Record set: Begin

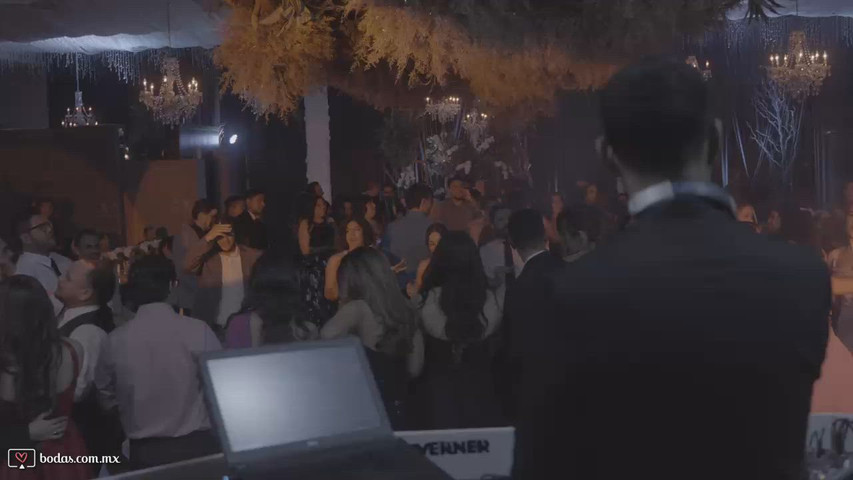 Iniciando baile en una boda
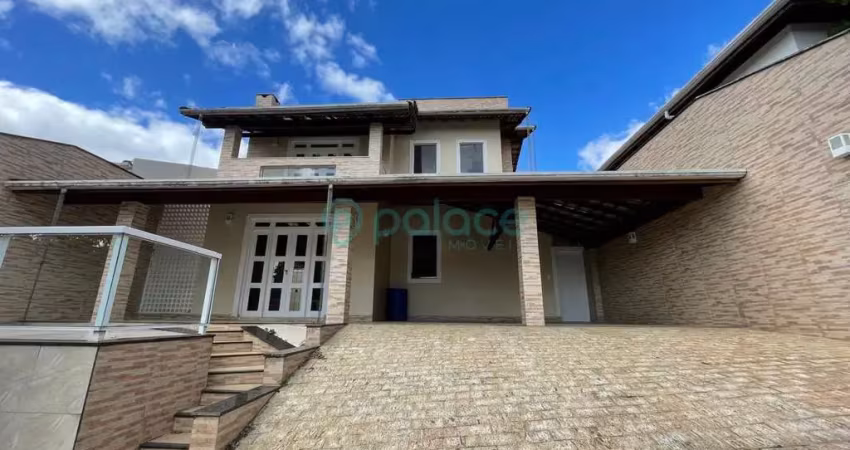 Casa com 4 quartos (sendo duas suítes), para locação no Condomínio Nova Gramado (Grama) por R$ 4.500,00 mais taxas.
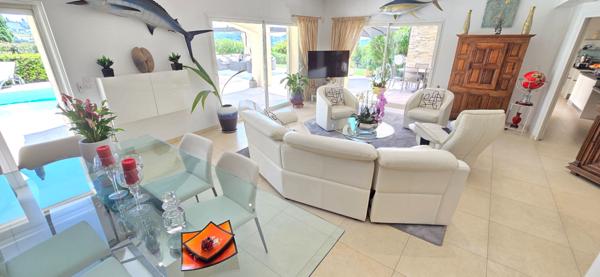 A vendre maison La Colle Sur Loup 5 pièces 167 m² terrain 1722 m²
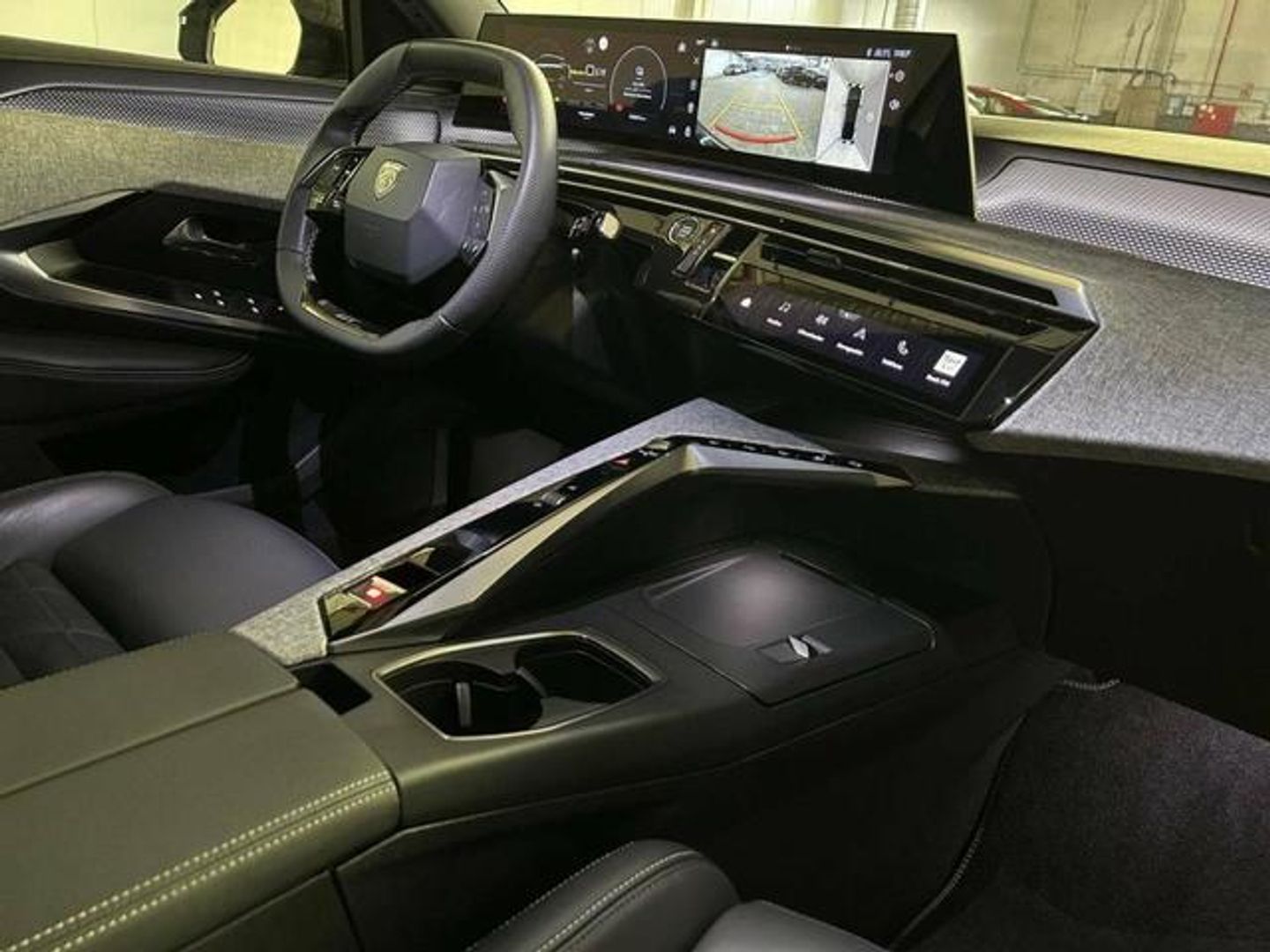 Peugeot e-3008 Eléctrico GT 157 kW (214 CV)
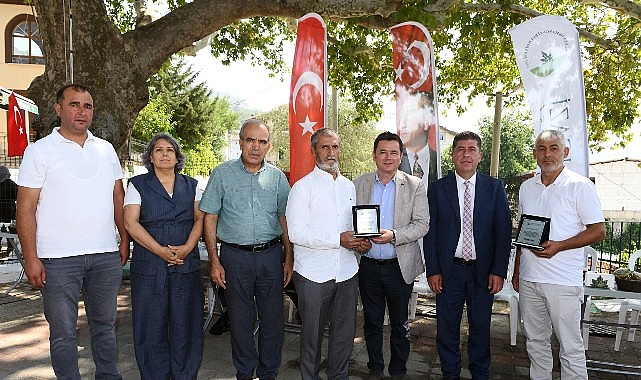 Osmangazi’nin gönüllü temizlik elçilerine teşekkür plaketi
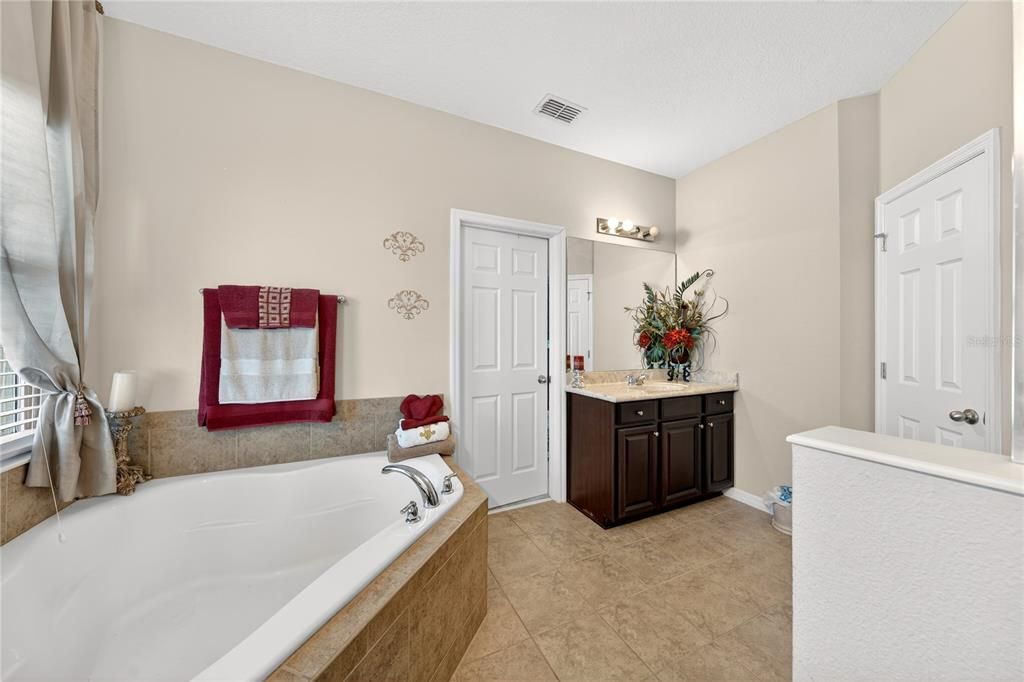 For Rent: $3,800 (6 beds, 4 baths, 4247 Square Feet)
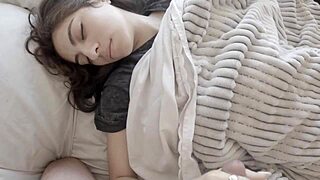 Creampie anal arriba de mi amigo.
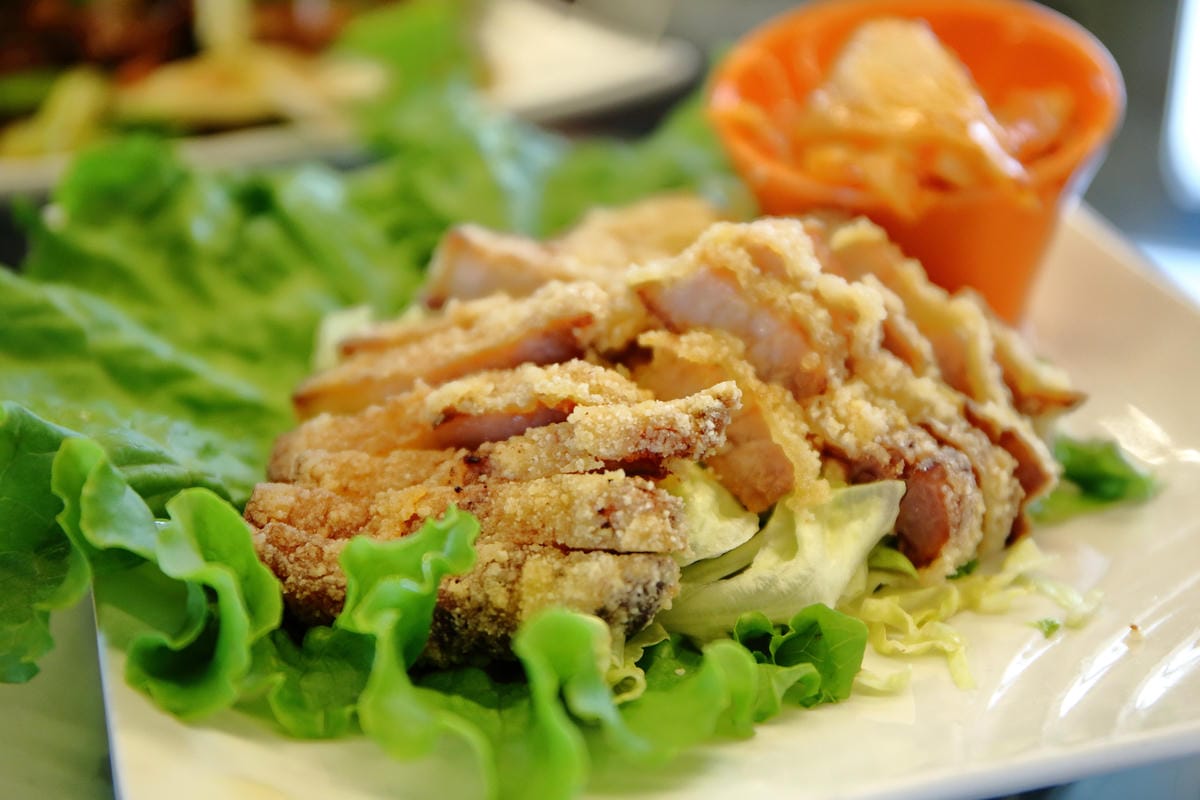 【食。大園】9號倉庫～桃捷沿線美食。保時捷主題餐廳，根本所有男人們的夢想！(已歇業)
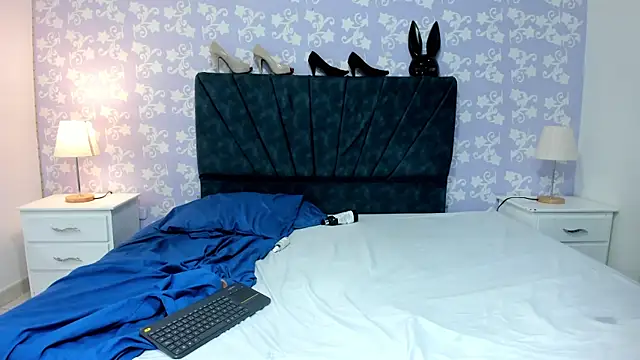 Snapshot of BritneySweet_ chatting on 03/13/25, 01:43 BritneySweet online show from 03/13/25, 01:43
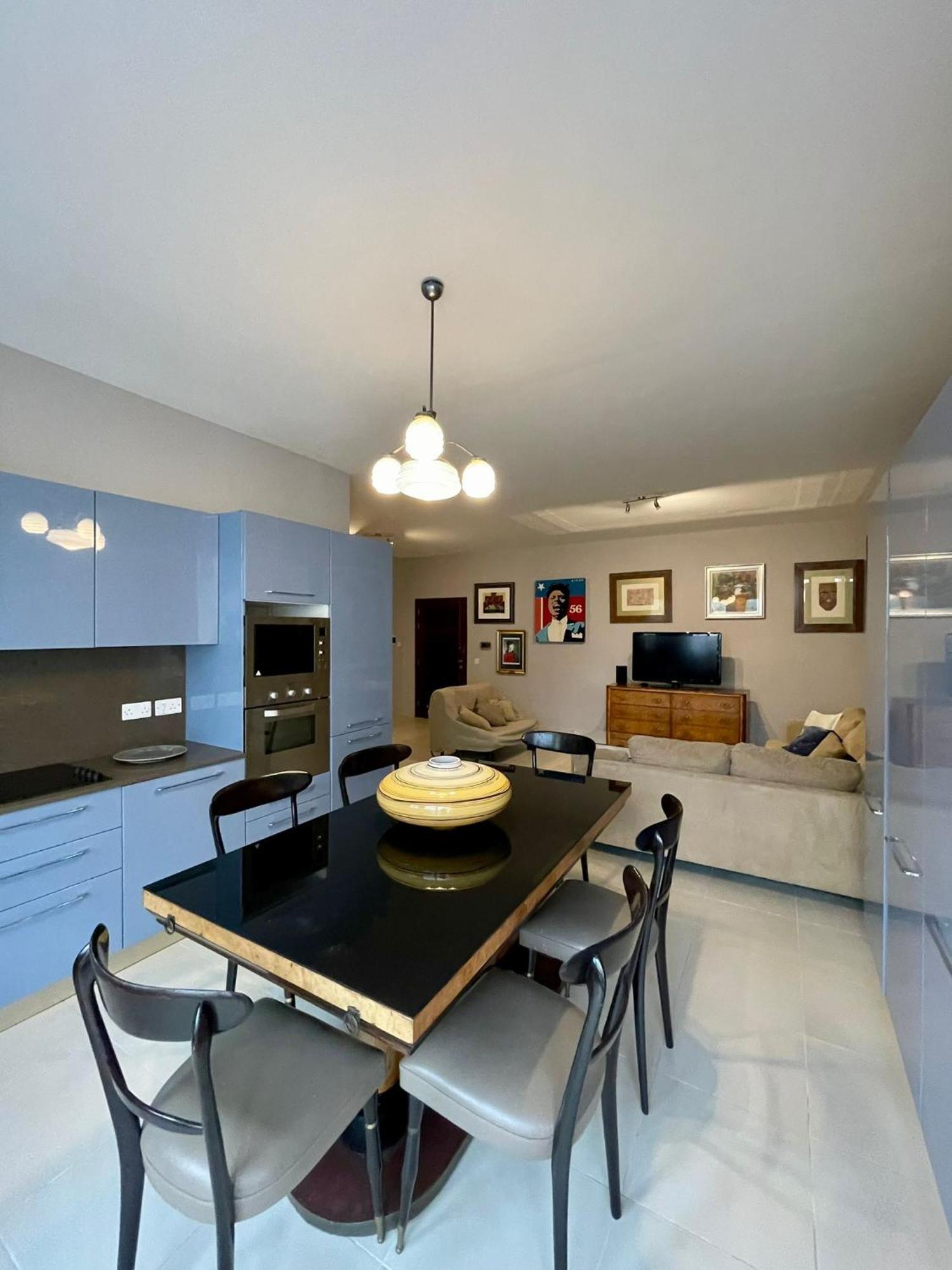 סליאמה Aron Seaviews Apartment מראה חיצוני תמונה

Record set: End

What the exercise asks: Exactly reproduce the lines beginning at the one that contains "For Rent: $3,800" and ending at the final line of the material, with the pictures left out.

Written solution:
 For Rent: $3,800 (6 beds, 4 baths, 4247 Square Feet)
 Creampie anal arriba de mi amigo.
 【食。大園】9號倉庫～桃捷沿線美食。保時捷主題餐廳，根本所有男人們的夢想！(已歇業)
 Snapshot of BritneySweet_ chatting on 03/13/25, 01:43 BritneySweet online show from 03/13/25, 01:43
 סליאמה Aron Seaviews Apartment מראה חיצוני תמונה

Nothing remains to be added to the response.